Produced, directed, and written by the quintessentially New York filmmaker Morris Engel, Weddings and Babies is a remarkable indie film, starring the young Viveca Lindfors and John Myhers.
Shot on a showstring budget in 1957, it was shown at the 1958 Venice Film Festival, where it won the FIPRESCI (International Critics Award). The film received only limited theatrical release in the U.S., when Engel himself distributed his work by booking select theaters in big cities.
Plotless in the conventional sense of the term, the tale depicts the loving but troubled relationship between New York City American-Italian still photographer Al Capetti (Myhers) and his Swedish-born girlfriend Bea (Lindfors), his lived-in assistant and model.
As the tale begins, Bea, like many women of her generation, is anxious to get married and have a family with Al. Al, however, resists getting married until he’s more financially secure.
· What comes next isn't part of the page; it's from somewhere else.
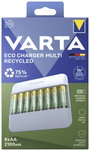 Varta Eco Charger Multi Hengeres akku töltő NiMH Mikro (AAA), Ceruza (AA) 2. bélyegkép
To that extent, he buys a camera and begins shooting weddings and babies and other events—until his camera accidentally breaks in a devastating scene.
Meanwhile, Al is under pressure from his elderly mother, who he has been reluctantly committed to a home. In one of the film’s longest and best sequences, the mother runs away to the Staten Island cemetery, where her husband is buried—and to see the grave site that awaits her.
The leads are not young, Al is 35 and Bea is 30, and we are led to believe that some of their communication problems stem from different cultural orientations as well as personality issues. Al loves Bea, but he seems unable to express his feelings in an adequate way that will satisfy her emotional needs.
Ultra-modest but always candid, “Weddings and Babies” unfolds as a bitter-sweet love story that’s emotionally compelling, and in moments extremely touching.
“Weddings and Babies” is shot in a realistic, black-and white, handheld camera. Inspired by the Italian neo-realis films, Engel encouraged his actors to improvise their lines and deviate from the loosely structured working screenplay.
Chiarina Barile, who portrays Al’s elderly mother in a naturalistic, authentic way, is not a professional actress; she was discovered by Engel in the streets of New York.
The Village Voice critic J. Hoberman pointed out that “Weddings and Babies is “the most extensive portrait of Manhattan’s Little Italy” before Scorsese explored this turf in his features and docus (some of which star his real-life parents).
Morris Engel had previously directed “Little Fugitive” (1953) and “Lovers and Lollipops” (1955). Highly innovative, “Wedding and Babies, the first full-length movie to be shot with a portable camera with a synchronous sound attachment, became very influential. It was made and released around the time that John Cassavetes began his remarkable directorial career with “Shadows” and “Faces.”